Ron Rosenbaum laments the departure of Christopher Hitchens from the Nation magazine. He rather neatly summarizes my own concerns regarding the influence of Chomsky, and others on the far left:
- It's sad, though, because one senses that Mr. Hitchens forced a lot of people on the Left to confront their blind spot, their on-bended-knee obeisance to anyone in the Third World who posed as a "liberator," from Mao to Castro to Arafat and the Taliban. This was why Mr. Hitchens was so valuable and hopeful in the immediate aftermath of 9/11, hammering away at the point that the Islamo-fascists weren't friends of the oppressed, they were oppressors - of women, gays, poets and all dissenters.
But now, a year later, it seems that despite Mr. Hitchens and a few other voices, such as Todd Gitlin's, the blind-spot types have won out on the Left - the blind spot to Marxist genocide obscuring any evil but America's. You could see it at the Sheeps Meadow. You can see it in the hysterical seizure on Enron and other corporate scandals: See, we were right all along - corporations and businessmen are (surprise!) greedheads. This excuses averting their eyes from anti-American terrorism - from people and regimes preparing to kill Americans rather than merely diminish their 401(k)'s. Enron was the fig leaf many on the American Left needed to return to their customary hatred of America. Because America isn't perfect, it must be evil. Because Marxist regimes make claims of perfection, they must be good.
So, for my part, goodbye to all that. Goodbye to a culture of blindness that tolerates, as part of "peace marches," women wearing suicide-bomber belts as bikinis. (See the accompanying photo of the "peace" march in Madrid. "Peace" somehow doesn't exclude blowing up Jewish children.)
Goodbye to the brilliant thinkers of the Left who believe it's the very height of wit to make fun of George W. Bush’s intelligence - thereby establishing, of course, how very, very smart they are. Mr. Bush may not be the sharpest knife in the drawer (I think he's more ill-informed and lazy than dumb). But they are guilty of a historical stupidity on a far greater scale, in their blind spot about Marxist genocides. It's a failure of self-knowledge and intellectual responsibility that far outweighs Bush's, because they’re supposed to be so very smart.







Article comments
1 - Tom Shugart
This speaks to my concerns as well. Thanks, Eric, for sharing this. Wish I could channel my disdain into such well-crafted ridicule as Rosenbaum does.
2 - Martin Gorda
If you can get past the stylistic narcissism of his essays (the written equivalent of someone who likes to hear themselves talk), Rosenbaum has little to offer his readers.

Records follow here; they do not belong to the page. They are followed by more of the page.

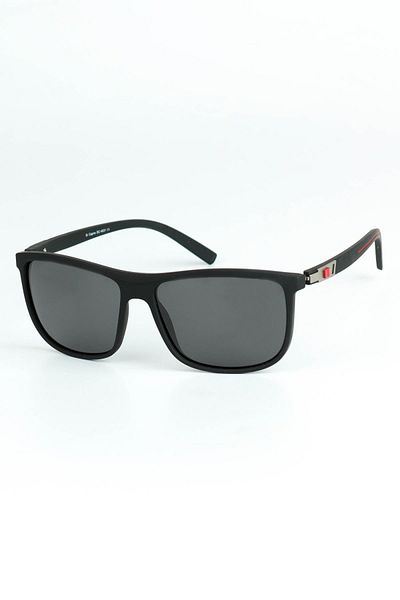 Di Caprio Men's Red Polarized Protected Rectangular Model Sunglasses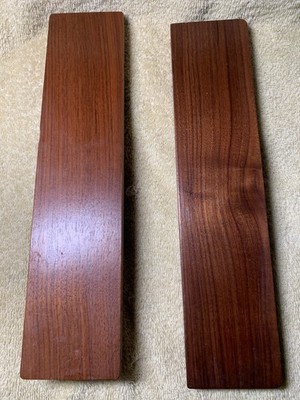 Original WOOD SIDE PANELS For The Source Moog Synthesizer OEM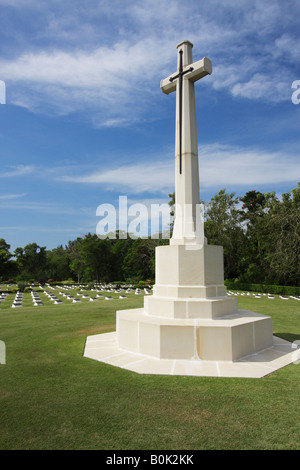 2. Weltkrieg-Denkmal, Pulau Labuan, Sabah, Malaysia Borneo Stockfoto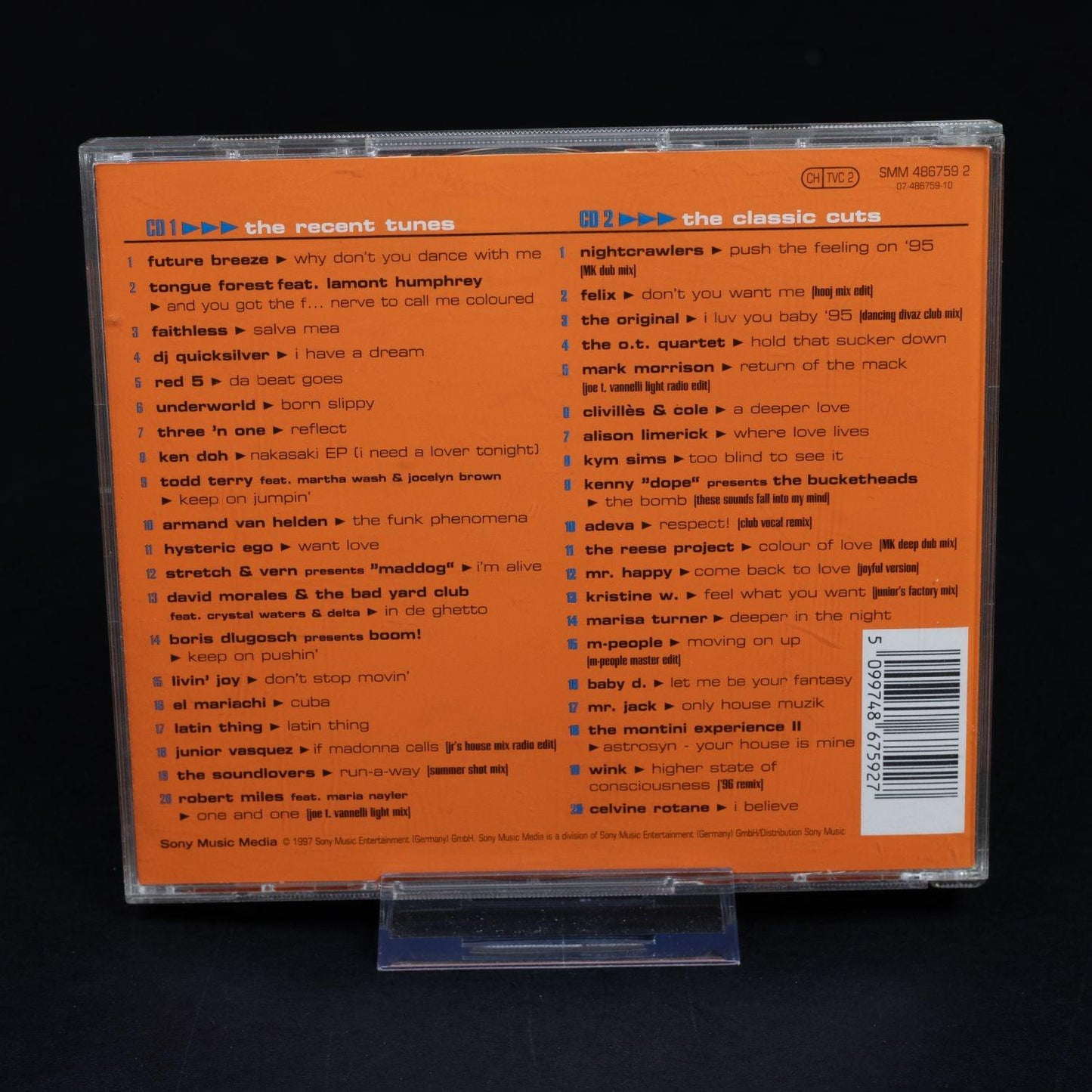 various-club-sounds-vol1-2-disc-electronic-music-sampler-cd-nm-vg-2 - Utopia Collectibles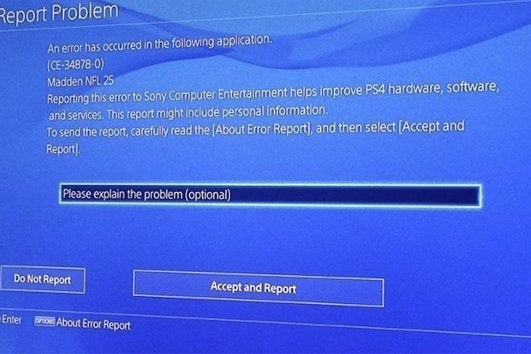 Sony onderzoekt PlayStation 4 foutcode CE-34878-0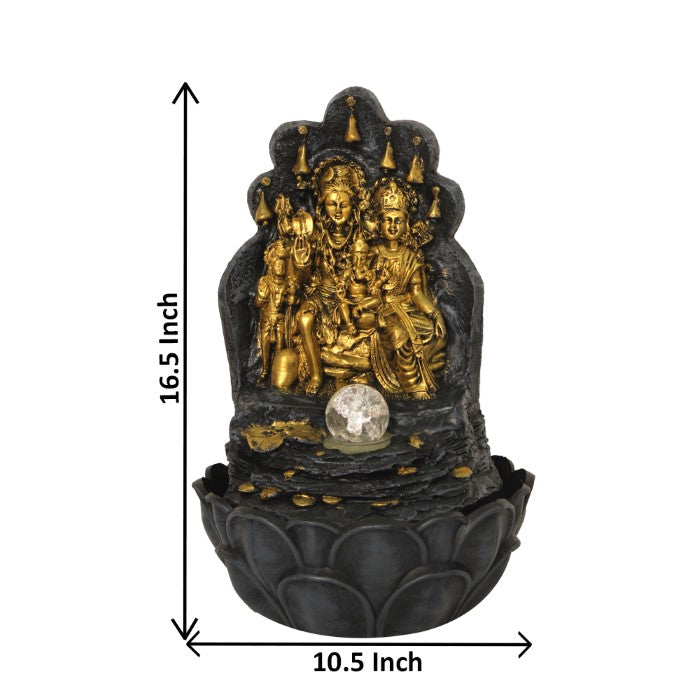 Lord Shiv Family Water Fountain Showpiece 42 cm G57X0507FGAMX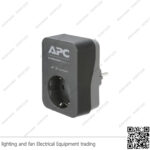 وحدة حماية أجهزة APC شنايدر 1 عين + 2 منفذ USB اسود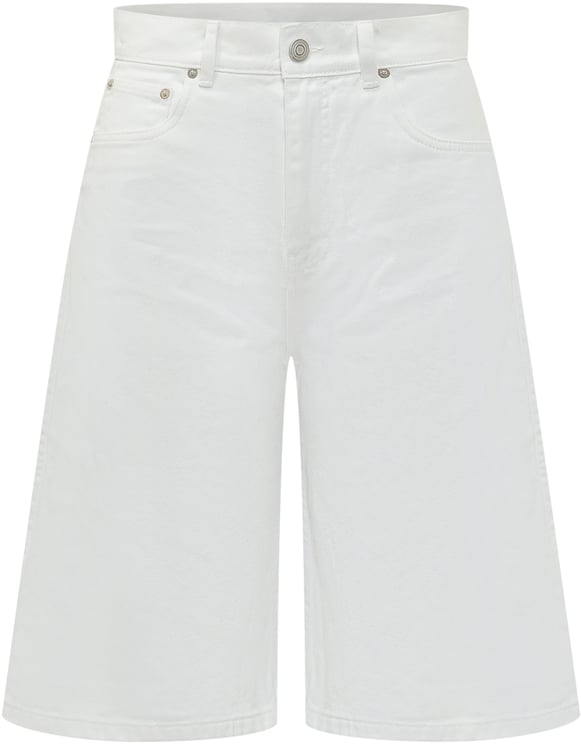 Coperni Bermuda in Denim a Vita Alta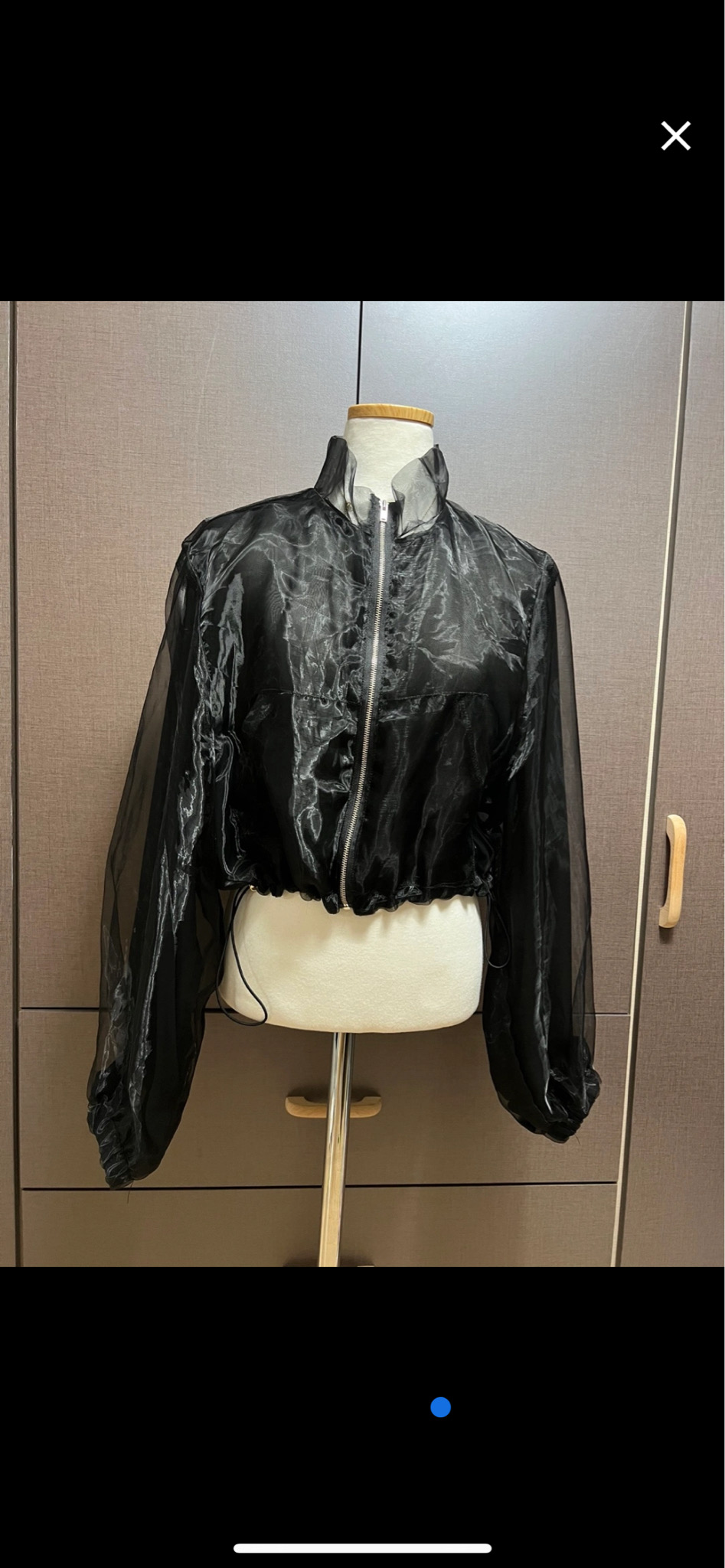 스트링 오간자 크롭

He writes as though you are already party to his views; as though the simple act of Ron Rosenbaum trashing Gore Vidal or Pete Seeger, or extolling Chris Hitchens is enough. We don't need facts or reasoned arguments, just read a passage where Ron gives it to some whacko lefty.
And what about all those lefty whackos? I mean how can they possibly entertain ideas that are so far beyond the mainstream that even Ron Rosenbaum cannot countenance them. Oswald didn't kill JFK? Get outta here! You're joking right?
On the plus side, writers of Rosenbaum's caliber will only ever "preach to the choir." Rosenbaum is a literary Rush Limbaugh. Theirs is a style of polemic that compels neither thought nor reflection. Mind pap for the mindless wishing to remain that way.
I've read my last Rosenbaum piece. Life is too short to waste on bad logic and self-enamored writers.